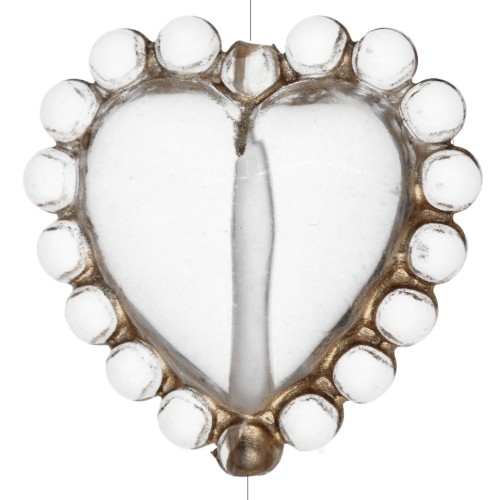 17.5 mm heart bead with mini clear resin balls - Crystal - Gold x1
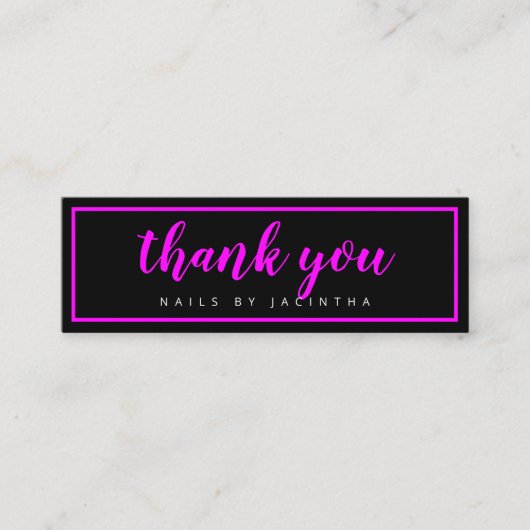 Carte De Visite Mini Pink Neon Moderne tendance ongles de cheveux Salon (Devant)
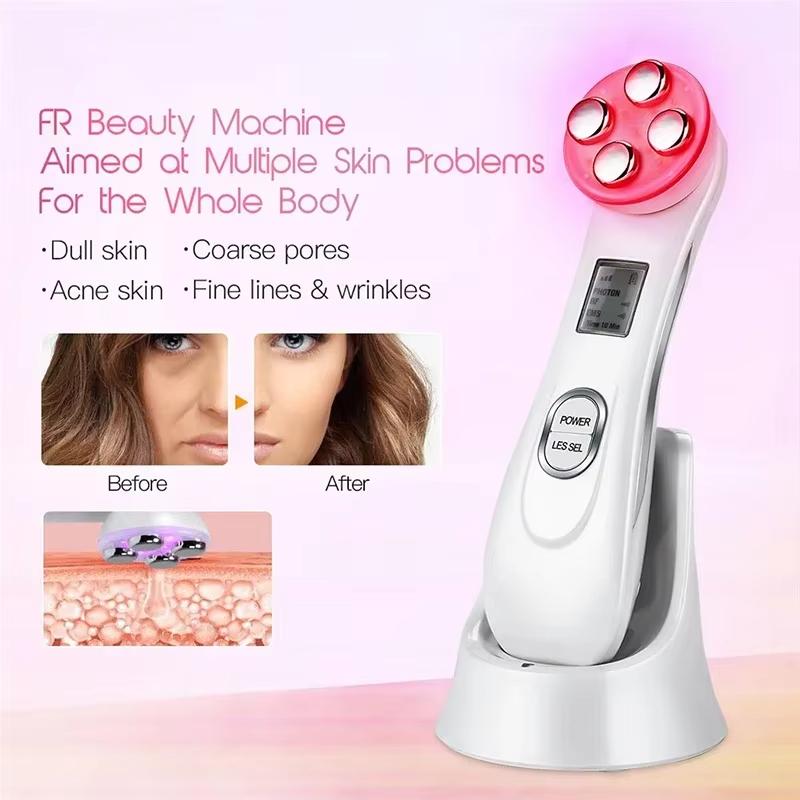 5-IN-1 RF Radio Frequency EMS Electroporation LED Photon Beauty Device Face Massager Skin Lifting Tighten Skin Care Anti-Wrinkle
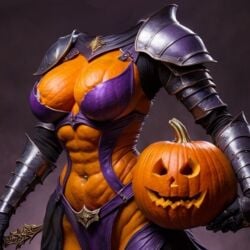 abs ai_generated armor female head_on_hand headless helloween jack-o'-lantern muscular_female orange_body pumpkin solo violet_bikini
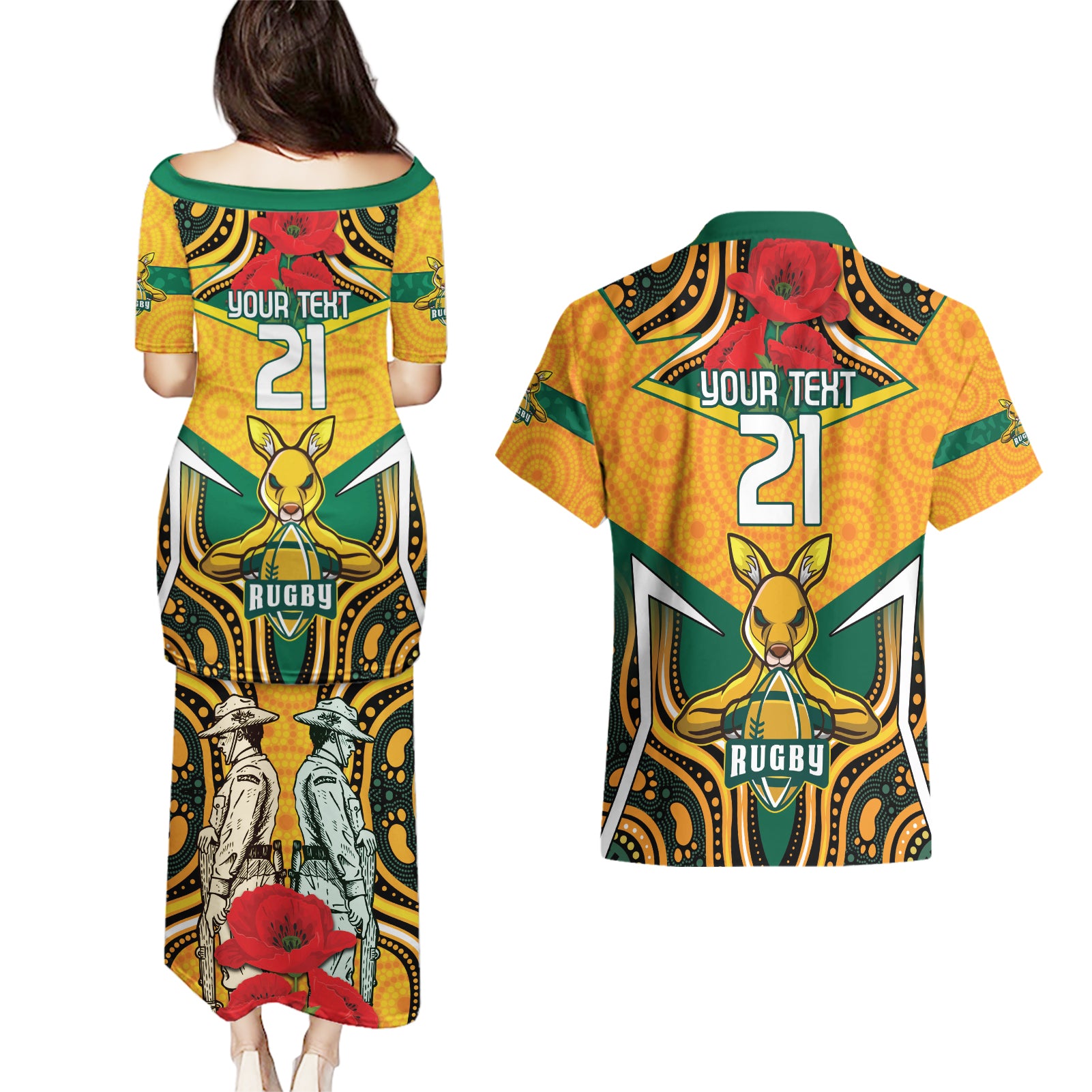Australia Wallabies Rugby ANZAC Custom Couples Matching Puletasi and Hawaiian Shirt Poppy Soldier With Aboriginal Dots Art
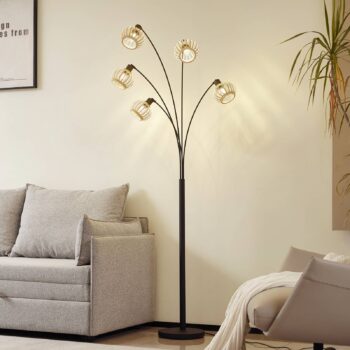 Stojacia lampa Lindby Lielle, prírodný bambus, 5 svetiel, 190 cm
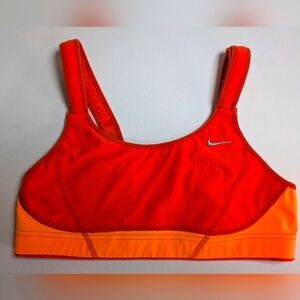 NIKE DRI-FIT Size M Womens Orange Lined Wireless Pull On Racer Back Sport Bra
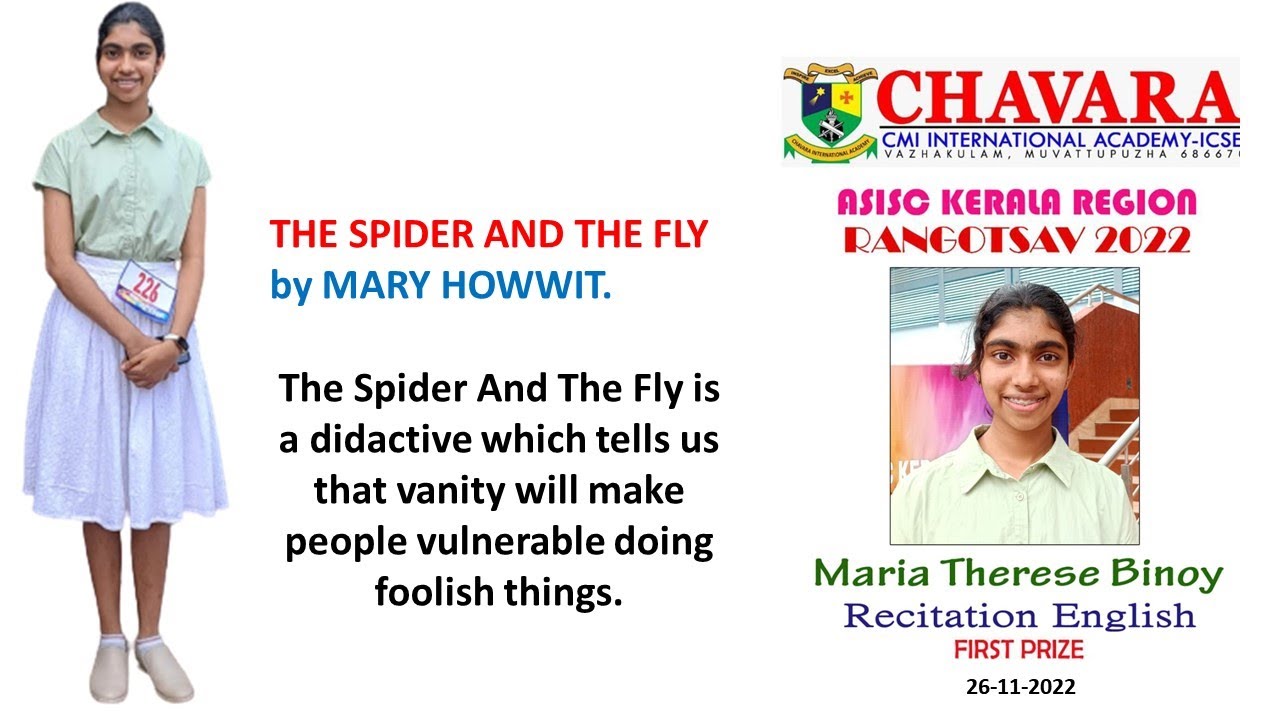 English Recitation, THE SPIDER AND THE FLY by MARY HOWWIT, recited by Maria Therese Binoy, Class 8
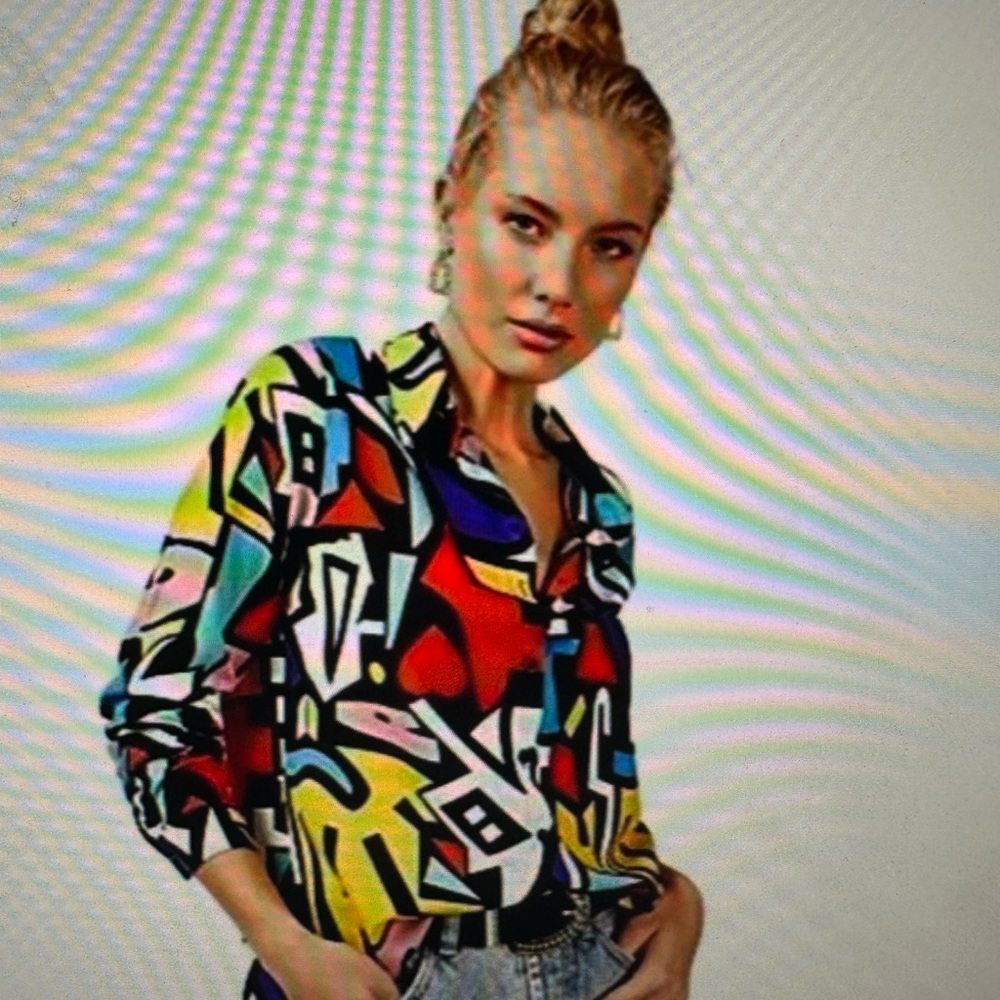 Big Dart Long Sleeve Abstract Print Shirt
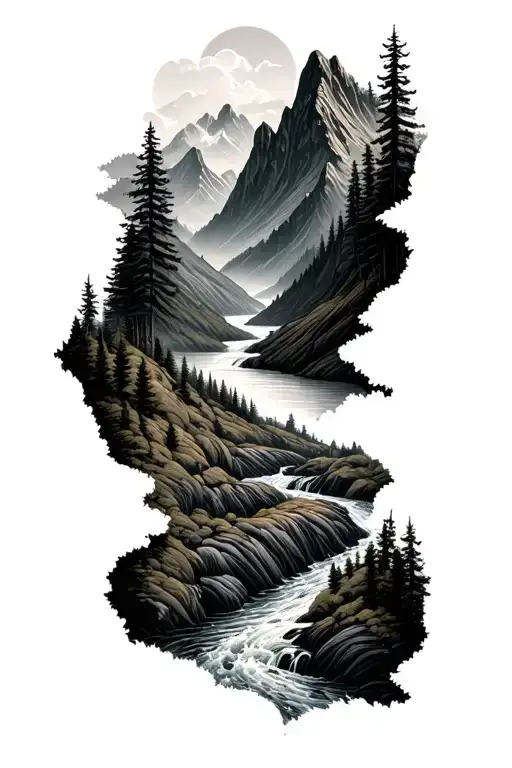 Mountain River Flowing Through A Dense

● ● ●

▸ **TASK REQUIREMENTS**: Exactly the lines from the line that contains "abs ai_generated armor" through the last line above, and no other lines, must be output, with pictures excluded.

▸ **THE ANSWER**:
 abs ai_generated armor female head_on_hand headless helloween jack-o'-lantern muscular_female orange_body pumpkin solo violet_bikini
Australia Wallabies Rugby ANZAC Custom Couples Matching Puletasi and Hawaiian Shirt Poppy Soldier With Aboriginal Dots Art
 Stojacia lampa Lindby Lielle, prírodný bambus, 5 svetiel, 190 cm
 NIKE DRI-FIT Size M Womens Orange Lined Wireless Pull On Racer Back Sport Bra
 English Recitation, THE SPIDER AND THE FLY by MARY HOWWIT, recited by Maria Therese Binoy, Class 8
 Big Dart Long Sleeve Abstract Print Shirt
 Mountain River Flowing Through A Dense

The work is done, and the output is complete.